La seule avancée dans l’unique séance de négociation, qui a eu lieu dimanche, concerne le statut des membres de LANEQ. Tant Québec que le syndicat se sont montrés favorables à la possibilité de soumettre la question de l’indépendance des juristes à un organisme indépendant. Les procureurs de la Couronne ont par exemple obtenu la création du Comité de la rémunération des procureurs au terme de la ronde de négociation de 2011. Cette instance indépendante formule des recommandations sur la rémunération des procureurs.

« On ne s’entend pas sur le comité et son mandat », a cependant précisé le ministre Moreau au sujet de ses discussions avec LANEQ. « C’est une petite avancée, c’est la première d’ailleurs, depuis 18 semaines, de la part de LANEQ sur l’aspect de l’établissement d’un forum lié à leur statut. » Même à ce sujet, le syndicat et l’État ne se sont pas entendus. « Il [Pierre Moreau] a dit qu’on avait avancé pour la première fois depuis le début des négociations, ce qui est complètement faux de mon point de vue », a rétorqué François Desroches-Lapointe.

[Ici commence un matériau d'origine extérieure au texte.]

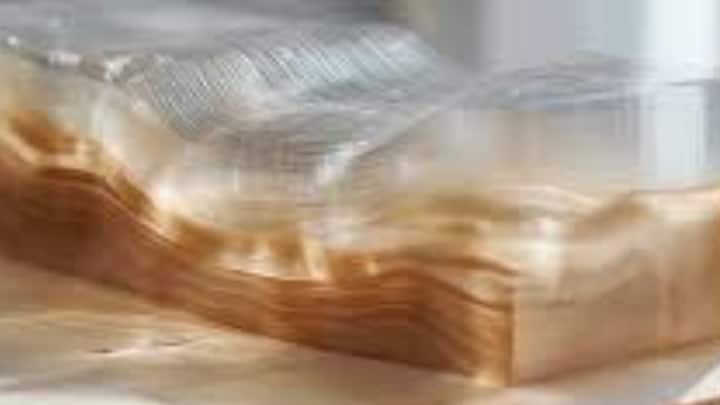 পরিবেশ থেকে প্রাপ্ত কাঠের চরিত্রই বদলে ফেলেছেন বিজ্ঞানীরা। এমন পরিবর্তন ঘটিয়েছেন যে ইস্পাতের চেয়েও ১০ গুণ বেশি শক্তিশালী হয়ে উঠেছে কাঠ। অথচ ওজন হালকাই থাকছে। শুধু তাই নয়, কাচের মতো স্বচ্ছ কাঠ তৈরিতেও মিলেছে সাফল্য।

Le conseiller syndical a trouvé un allié chez le député solidaire de Mercier, Amir Khadir. Dans un communiqué publié dimanche, M. Khadir a reproché au gouvernement d’agir « de mauvaise foi ». « Ce gouvernement, fidèle aux habitudes libérales, a certainement rendu un fier service aux amis du pouvoir en leur permettant d’obtenir des millions de dollars en contrats sans surveillance par les avocats et notaires de l’État. La semaine dernière, nous apprenions que 868 millions $ ont été octroyés en contrats sans vérification juridique depuis le début du conflit ! C’est énorme ! » a-t-il réagi. LANEQ soutient que ces contrats, dont la moitié auraient été accordés sans appels d’offres, ont été octroyés sans que l’État québécois ne puisse bénéficier des conseils juridiques de ses avocats et notaires.